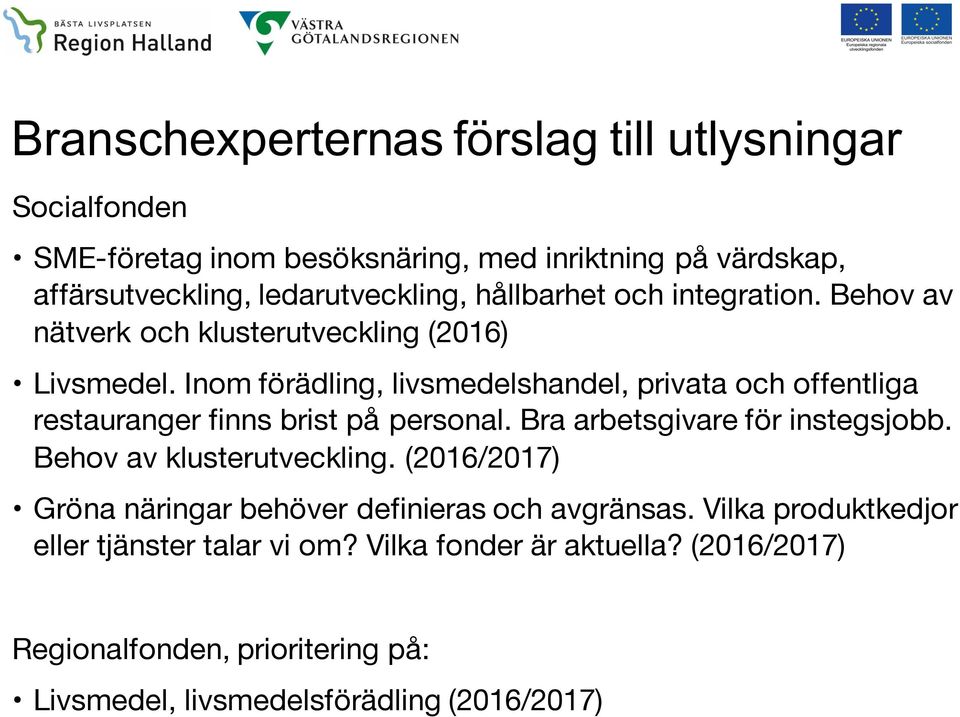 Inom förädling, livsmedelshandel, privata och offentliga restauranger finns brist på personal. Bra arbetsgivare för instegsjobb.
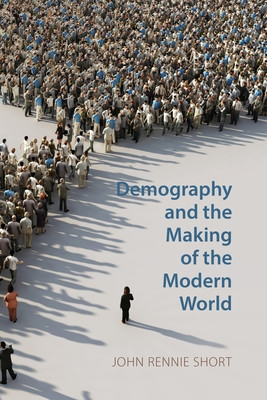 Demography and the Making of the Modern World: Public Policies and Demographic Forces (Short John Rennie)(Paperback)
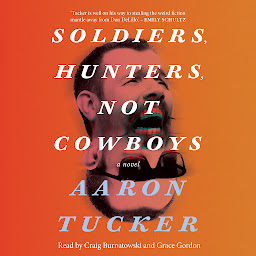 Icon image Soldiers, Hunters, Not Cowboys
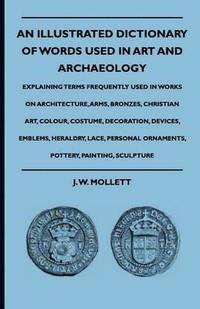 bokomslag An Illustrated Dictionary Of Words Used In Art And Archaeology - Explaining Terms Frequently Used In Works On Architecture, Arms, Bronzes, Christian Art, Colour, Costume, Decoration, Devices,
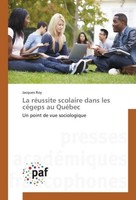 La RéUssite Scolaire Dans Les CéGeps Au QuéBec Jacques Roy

### Required work
Every line of the data should be copied as it stands, without the images.

### Task solution
 Inom förädling, livsmedelshandel, privata och offentliga restauranger finns brist på personal. Bra arbetsgivare för instegsjobb.
 Demography and the Making of the Modern World: Public Policies and Demographic Forces (Short John Rennie)(Paperback)
 Icon image Soldiers, Hunters, Not Cowboys
 bokomslag An Illustrated Dictionary Of Words Used In Art And Archaeology - Explaining Terms Frequently Used In Works On Architecture, Arms, Bronzes, Christian Art, Colour, Costume, Decoration, Devices,
 La RéUssite Scolaire Dans Les CéGeps Au QuéBec Jacques Roy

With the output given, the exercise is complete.